* [Exercise brief]
Which lines run from the one with "Veja os looks" through the end of the data? Retype them exactly, without pictures.

* [Given information]

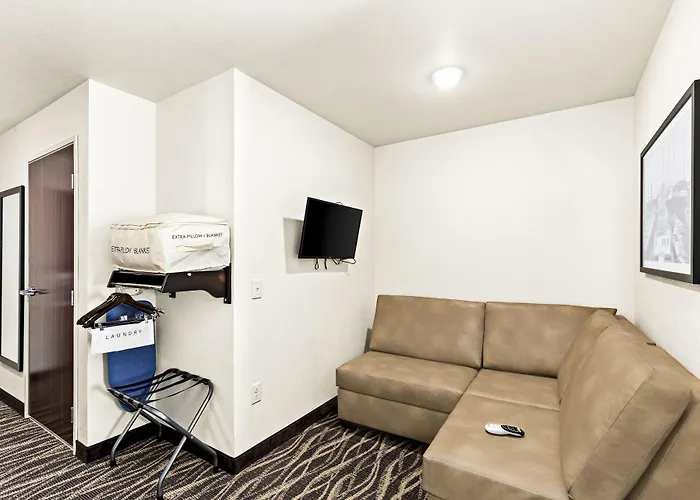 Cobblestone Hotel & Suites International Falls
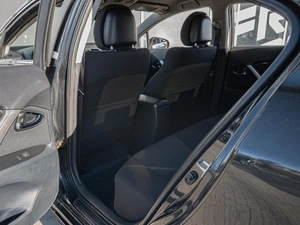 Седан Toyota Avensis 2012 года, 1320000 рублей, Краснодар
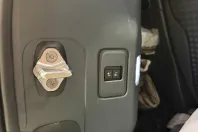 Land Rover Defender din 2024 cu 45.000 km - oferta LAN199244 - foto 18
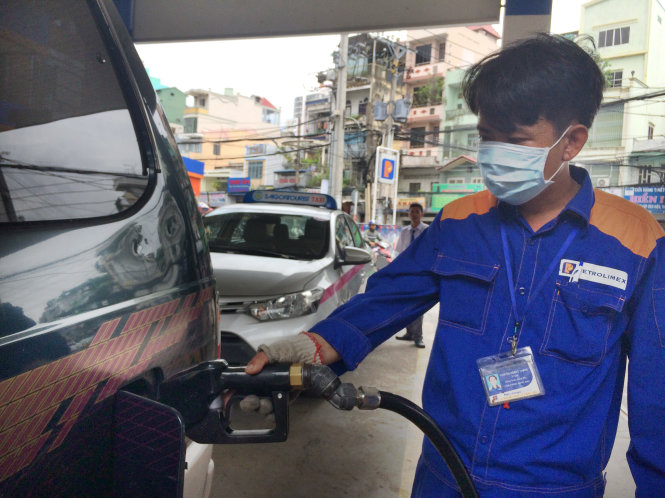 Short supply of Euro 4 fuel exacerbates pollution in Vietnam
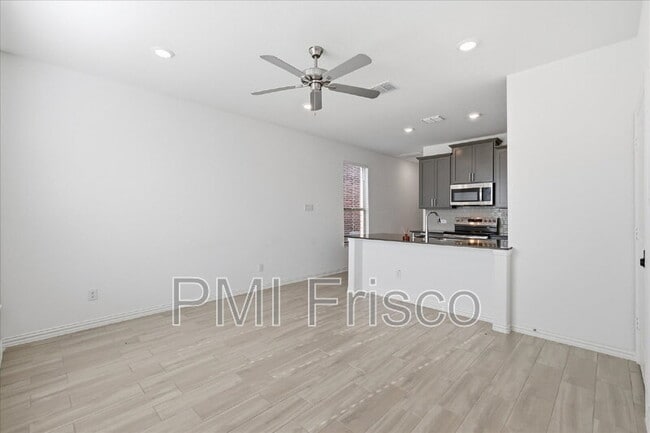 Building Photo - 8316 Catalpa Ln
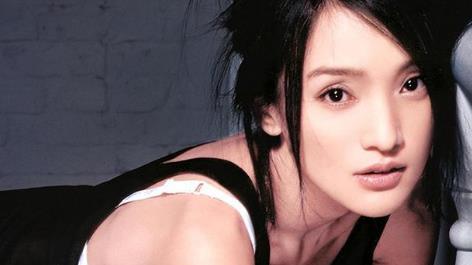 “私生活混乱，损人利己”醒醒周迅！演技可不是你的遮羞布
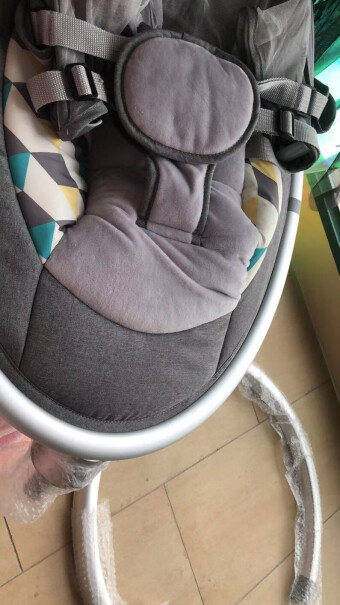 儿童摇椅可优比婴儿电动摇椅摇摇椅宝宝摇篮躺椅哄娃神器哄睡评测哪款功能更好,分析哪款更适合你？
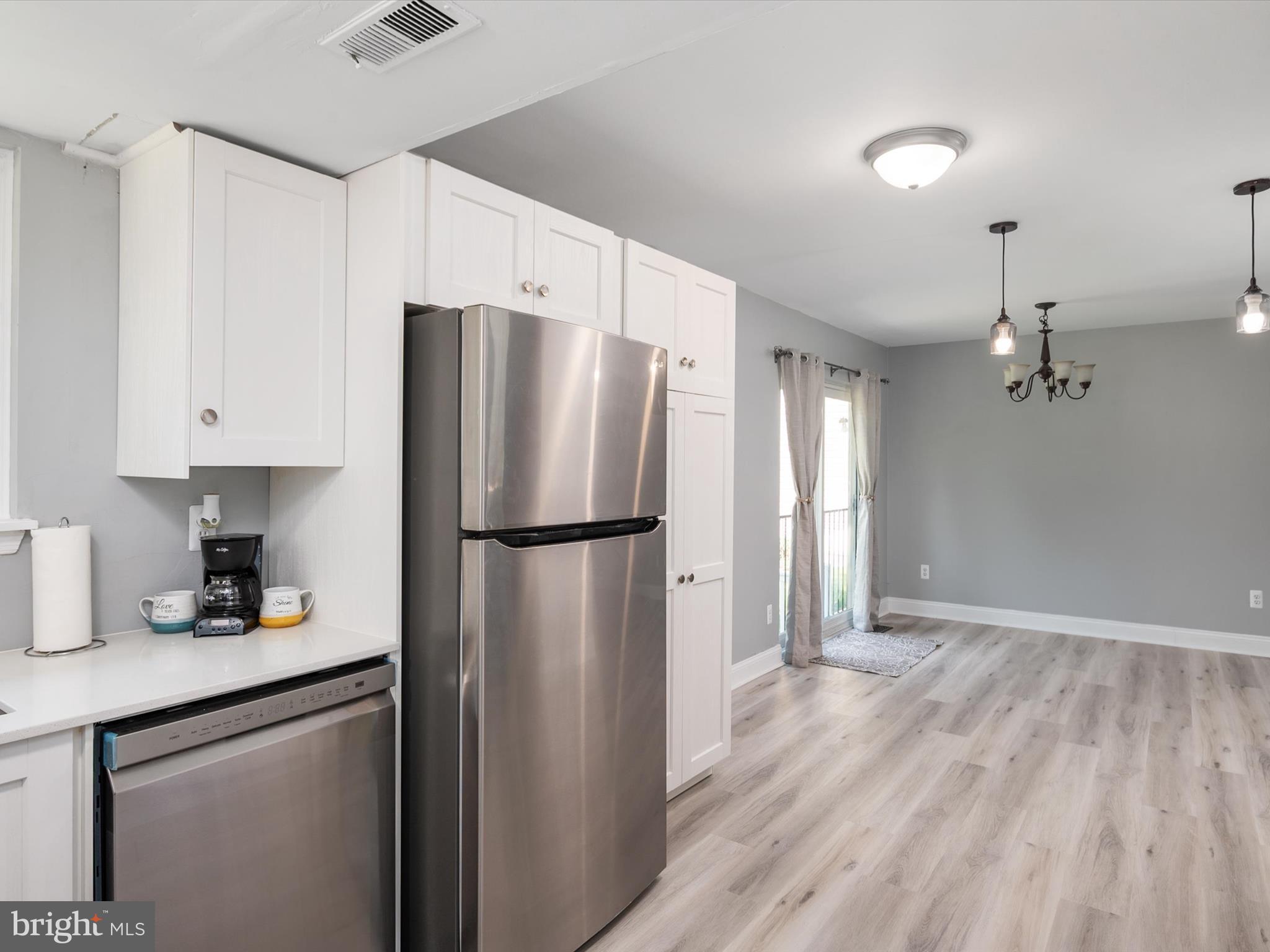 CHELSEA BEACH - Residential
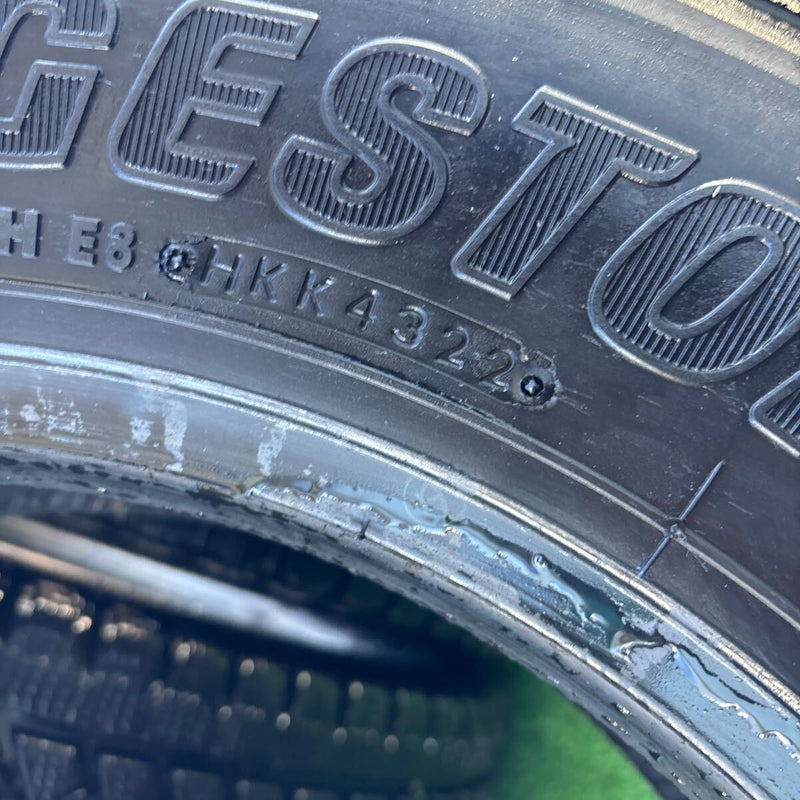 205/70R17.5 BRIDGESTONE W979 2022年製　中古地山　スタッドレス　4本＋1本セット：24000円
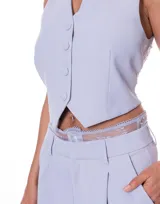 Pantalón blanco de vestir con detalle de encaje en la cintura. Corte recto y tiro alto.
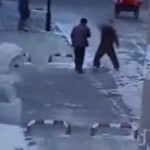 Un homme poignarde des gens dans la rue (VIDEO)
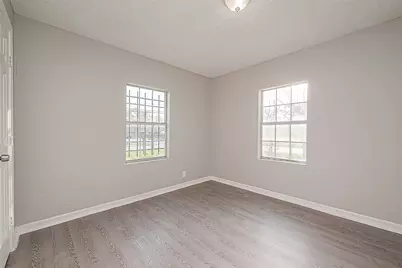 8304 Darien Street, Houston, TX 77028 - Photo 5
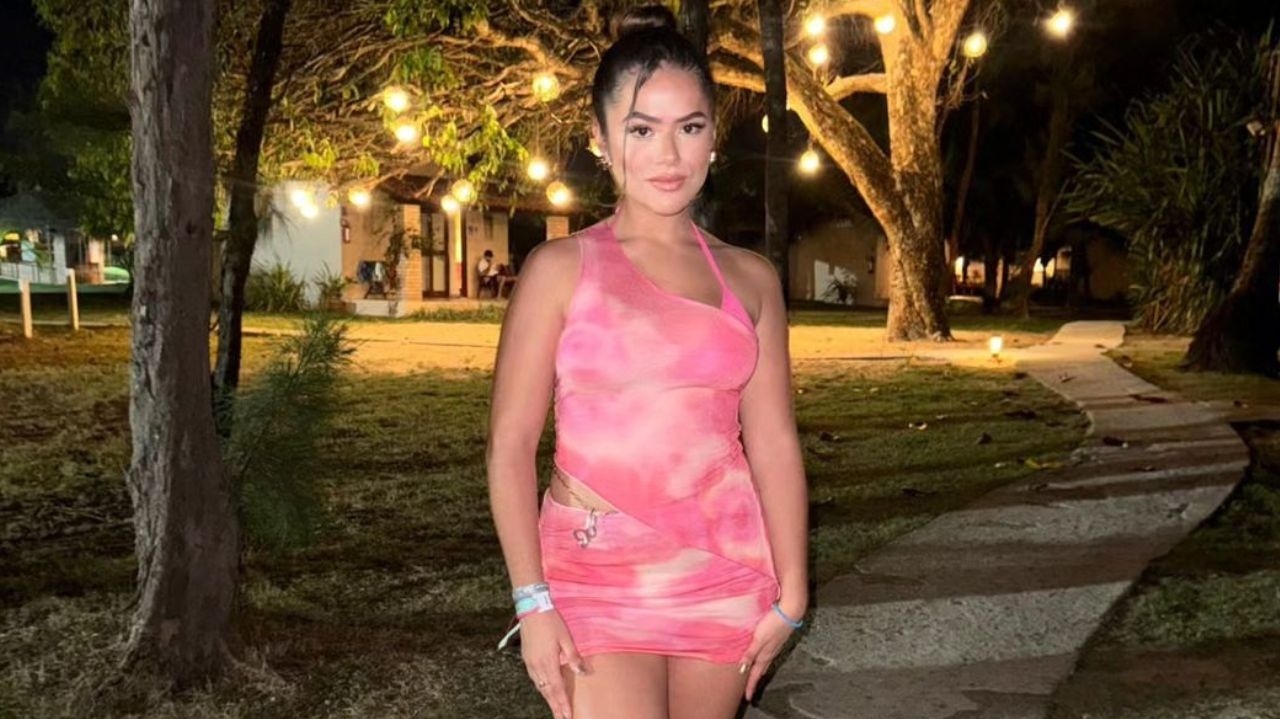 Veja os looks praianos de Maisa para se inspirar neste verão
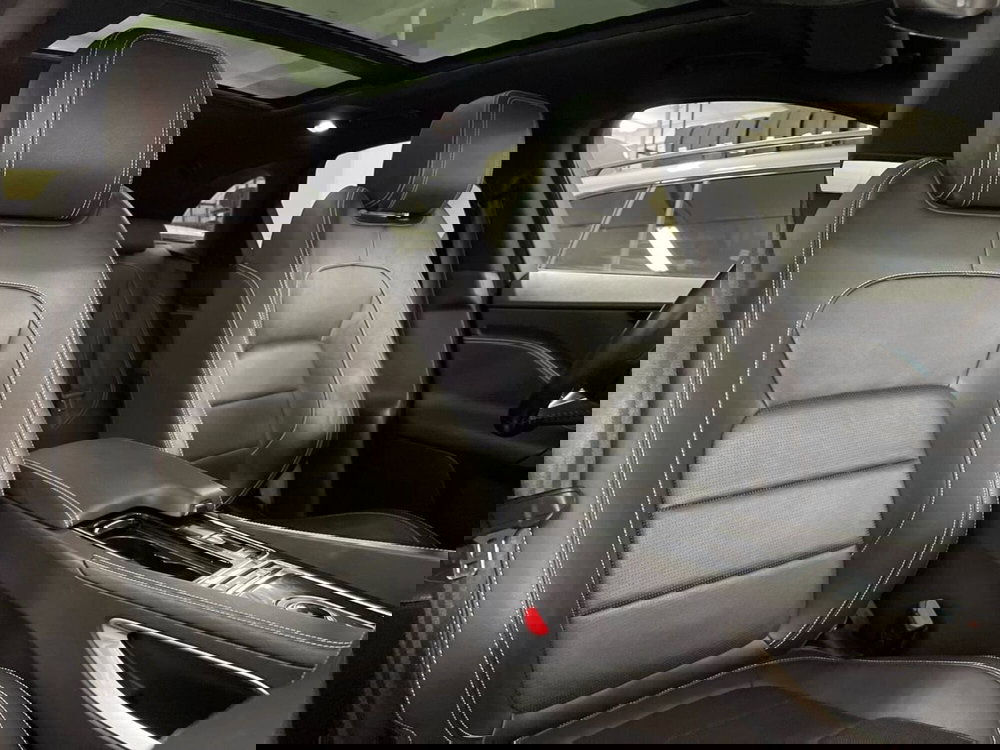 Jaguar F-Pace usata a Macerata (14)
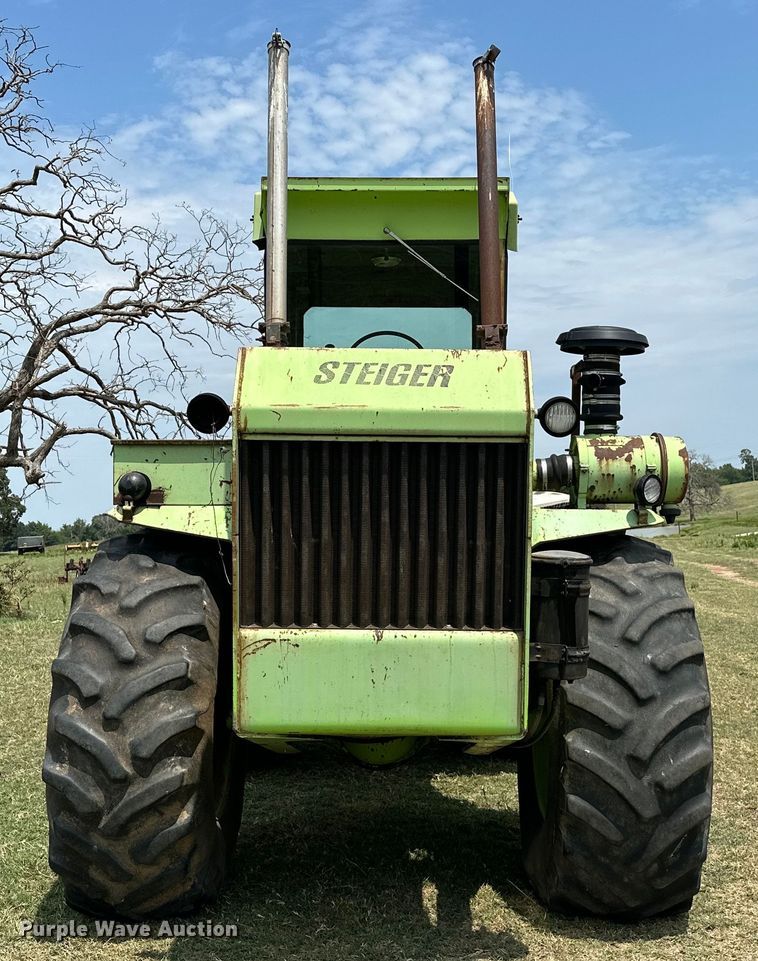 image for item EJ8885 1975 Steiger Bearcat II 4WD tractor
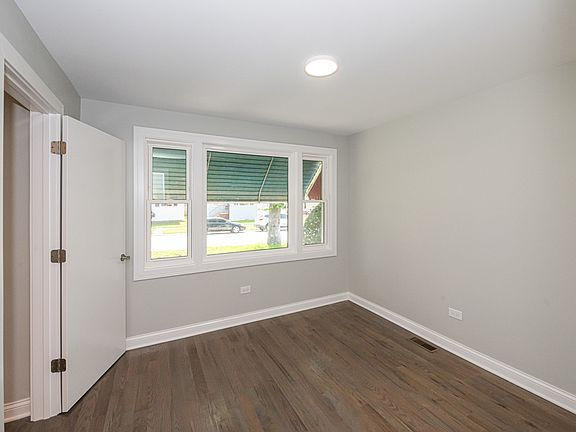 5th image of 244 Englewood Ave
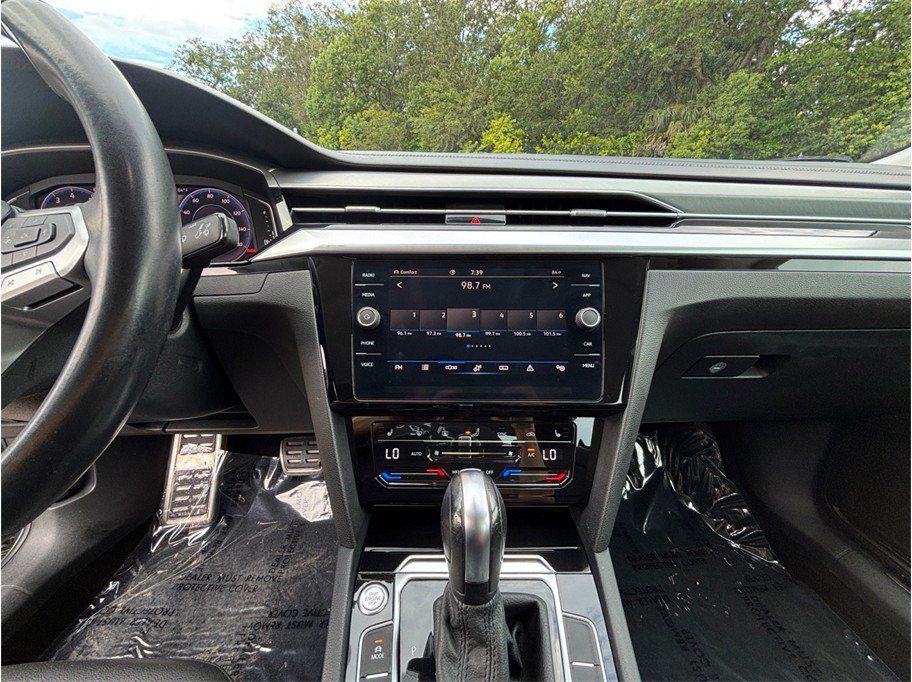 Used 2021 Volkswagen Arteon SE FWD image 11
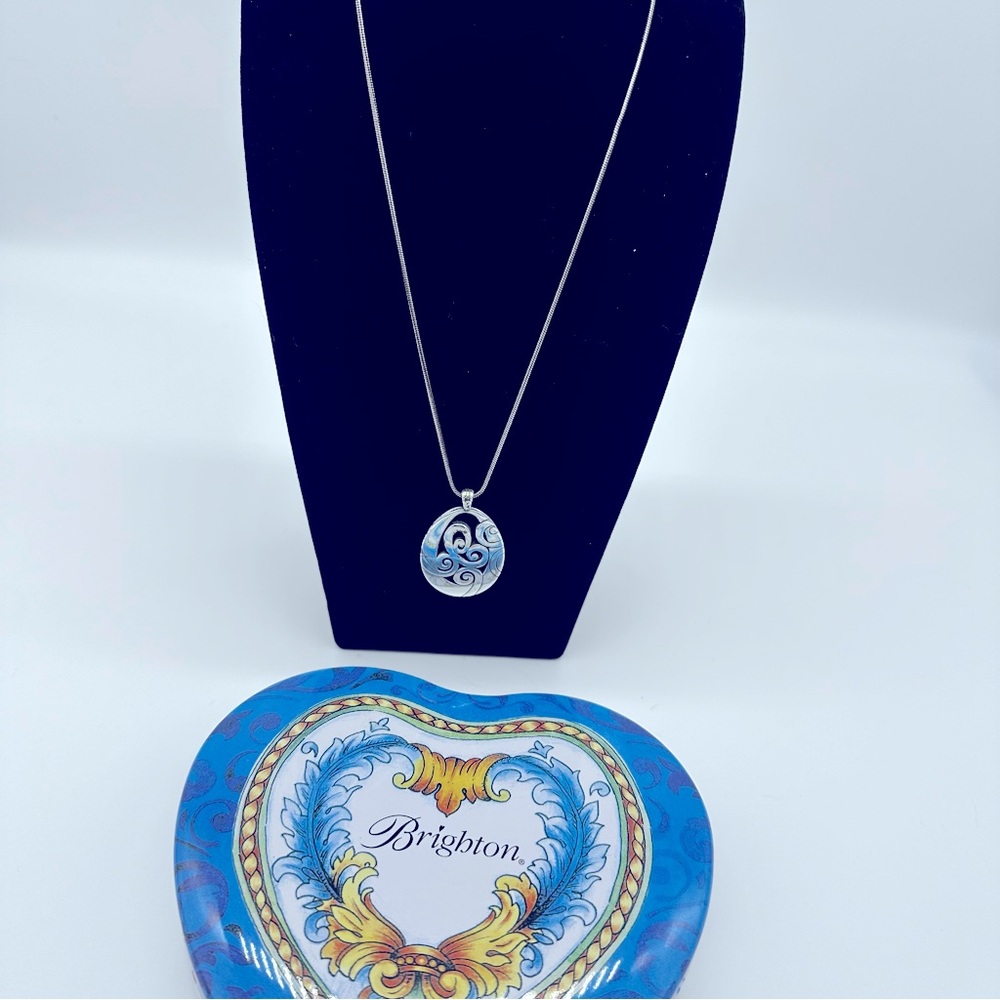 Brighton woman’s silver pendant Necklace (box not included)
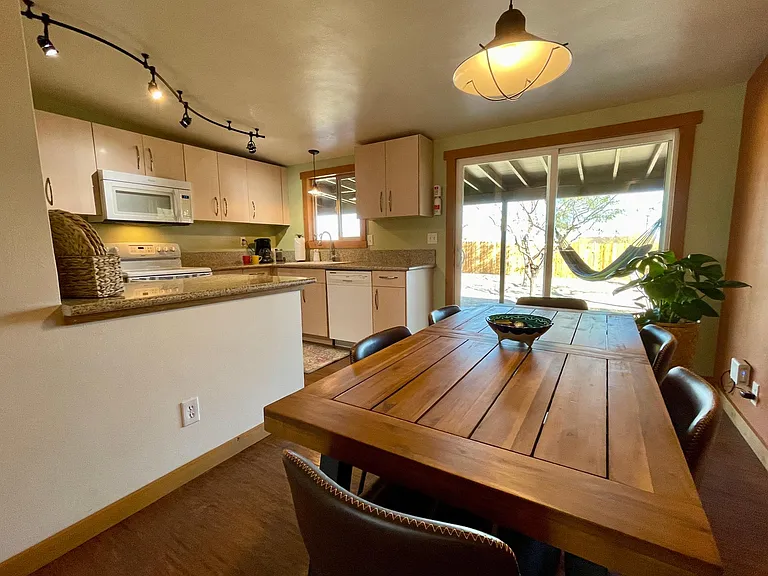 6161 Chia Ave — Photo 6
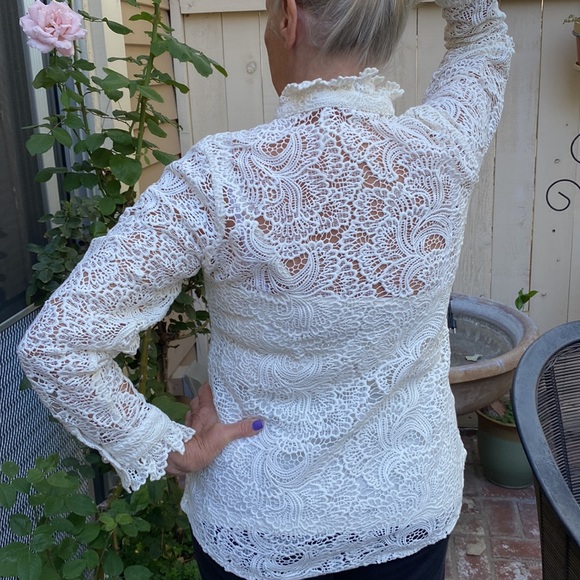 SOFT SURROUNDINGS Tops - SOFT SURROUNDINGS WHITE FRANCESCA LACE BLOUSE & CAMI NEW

* [Result]
 Veja os looks praianos de Maisa para se inspirar neste verão
 Jaguar F-Pace usata a Macerata (14)
 image for item EJ8885 1975 Steiger Bearcat II 4WD tractor
 5th image of 244 Englewood Ave
 Used 2021 Volkswagen Arteon SE FWD image 11
 Brighton woman’s silver pendant Necklace (box not included)
 6161 Chia Ave — Photo 6
 SOFT SURROUNDINGS Tops - SOFT SURROUNDINGS WHITE FRANCESCA LACE BLOUSE & CAMI NEW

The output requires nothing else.